=== Stored data ===

=== Section Start ===

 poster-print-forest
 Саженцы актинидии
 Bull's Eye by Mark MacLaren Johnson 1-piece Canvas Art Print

=== Section End ===
=== Section Start ===

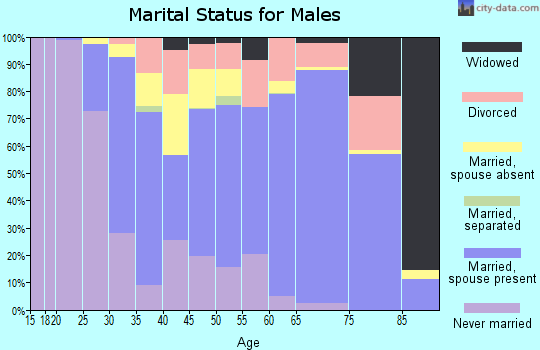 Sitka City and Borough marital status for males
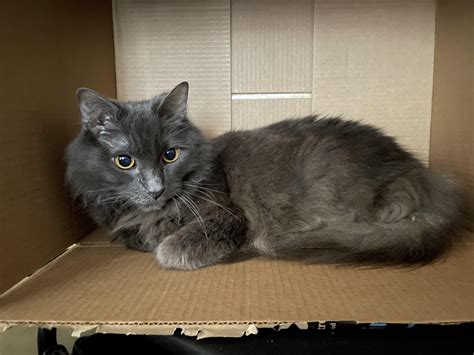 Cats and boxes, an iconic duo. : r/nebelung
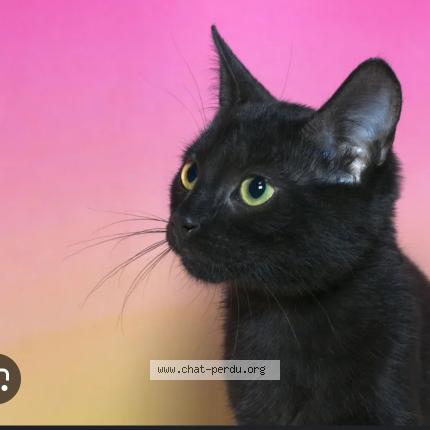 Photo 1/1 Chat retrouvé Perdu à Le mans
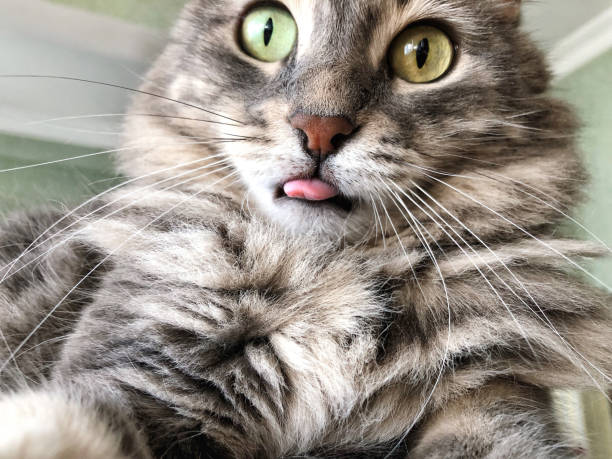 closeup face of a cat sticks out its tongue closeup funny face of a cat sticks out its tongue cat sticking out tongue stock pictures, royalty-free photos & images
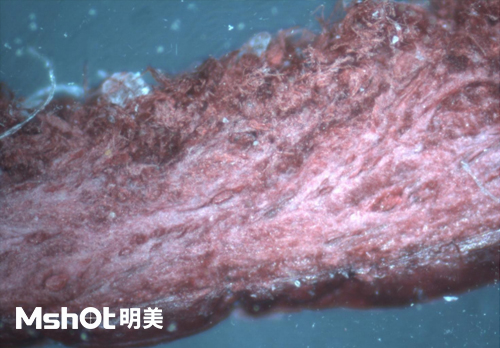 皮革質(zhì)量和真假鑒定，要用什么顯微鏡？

=== Section End ===

Taking the records above, retype every line from the one with "poster-print-forest" down to the one with "Bull's Eye by", exactly and with nothing else.

 poster-print-forest
 Саженцы актинидии
 Bull's Eye by Mark MacLaren Johnson 1-piece Canvas Art Print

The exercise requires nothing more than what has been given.